Cesaro and Tyson Kidd first teamed on the December 1, 2014, episode of Raw during a tag team gauntlet match, where they were eliminated by The Usos. In January 2015, the pairing became an official alliance, informally adopting the name “The Brass Ring Club.” The duo earned several victories over Los Matadores and aligned with Adam Rose in a short-lived storyline feud with The New Day. At the Royal Rumble, Kidd and Cesaro defeated New Day members Big E and Kofi Kingston on the kickoff show.

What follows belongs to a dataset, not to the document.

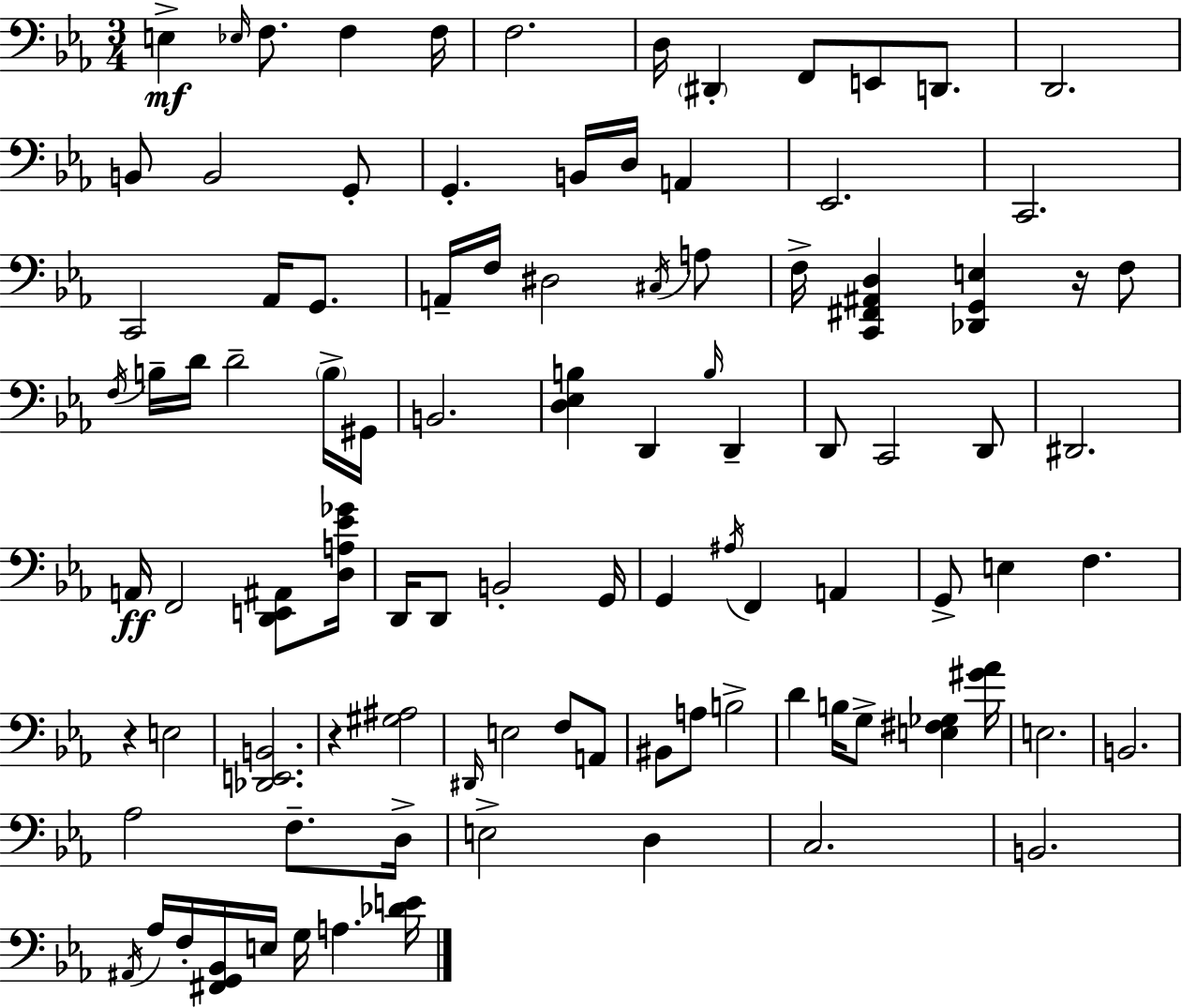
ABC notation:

At Fastlane on February 22, 2015, Kidd and Cesaro defeated The Usos to win the WWE Tag Team Championship. They retained the championship in a rematch the following night on Raw after Natalya, serving as their ringside ally, caused a disqualification. The pair successfully defended the titles at WrestleMania 31 in a fatal four-way tag team match involving The Usos, Los Matadores, and The New Day.

Kidd and Cesaro lost the titles to The New Day at Extreme Rules on April 26. At Payback, they had an unsuccessful two-out-three falls title rematch. The duo also competed in a tag team Elimination Chamber match for the titles at Elimination Chamber on May 31, where they were eliminated fourth.

On June 7, WWE announced that Kidd had suffered a serious neck and spinal injury during a dark match with Samoa Joe. The injury sidelined him indefinitely, and Kidd later confirmed his retirement on June 29, 2017, effectively putting an end to the team. He subsequently transitioned into a backstage producer role with WWE.